On the evening of Ash Wednesday, having prayed, fasted, and abstained from meat and, as far as was humanly possible, from uncharitable thoughts about Donald Trump and the Holy Father, I went to what must have been one of the most enjoyable Remainian parties ever given. As you will imagine, the company was delightful: charming, funny, liberal, patriotic, gentle, elitist, sceptical, generous, forgiving; and the talk was not obsessively one-dimensional.
There was discussion of Brexit, too, of course. In fact, the party was held to launch Harry Mount’s latest book, Summer Madness: How Brexit Split the Tories, Destroyed Labour and Divided the Country. Mount, as it happens, voted Leave, but he was almost the only Leaver at his party. Only in England, as they say in America.
Mount is a moderate conservative, as you would expect of the new (and young) editor of the Oldie and occasional contributor to this magazine. He is neither angry nor bitter. Perhaps that is because he doesn’t take politics personally. There is absolutely nothing pious about him, either, but if there is one thing he really hates it is Nasty. From Summer Madness: “The schism [caused by the referendum] wasn’t just political; it was also emotional, spiritual and and intellectual. Politics is famously a ruthless, nasty game. I had never seen it so ruthless or nasty.”

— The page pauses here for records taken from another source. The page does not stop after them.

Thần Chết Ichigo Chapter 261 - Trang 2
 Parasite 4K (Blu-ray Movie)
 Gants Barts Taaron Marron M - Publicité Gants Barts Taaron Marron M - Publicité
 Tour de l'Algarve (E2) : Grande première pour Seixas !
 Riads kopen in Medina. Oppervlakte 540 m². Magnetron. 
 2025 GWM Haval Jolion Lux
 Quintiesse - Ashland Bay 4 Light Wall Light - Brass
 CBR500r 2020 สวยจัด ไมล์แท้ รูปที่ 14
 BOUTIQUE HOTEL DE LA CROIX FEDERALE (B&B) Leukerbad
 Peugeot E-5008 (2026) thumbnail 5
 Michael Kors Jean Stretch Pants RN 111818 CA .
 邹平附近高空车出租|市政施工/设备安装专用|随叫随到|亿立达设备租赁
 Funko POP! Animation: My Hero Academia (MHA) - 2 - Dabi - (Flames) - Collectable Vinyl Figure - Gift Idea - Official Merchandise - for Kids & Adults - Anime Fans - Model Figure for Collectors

It remains nasty and ruthless, but there seems to be an emerging consensus among the better Remainians that it is time to chill, time to stop the snooty attacks on, for example, the football hooligans and provincial shopkeepers who voted Leave, and to take a walk on the bright side. “It’s going to be OK,” said one of the guests at the launch party. “Things will get back pretty much to normal. We are not going to get hard Brexit.”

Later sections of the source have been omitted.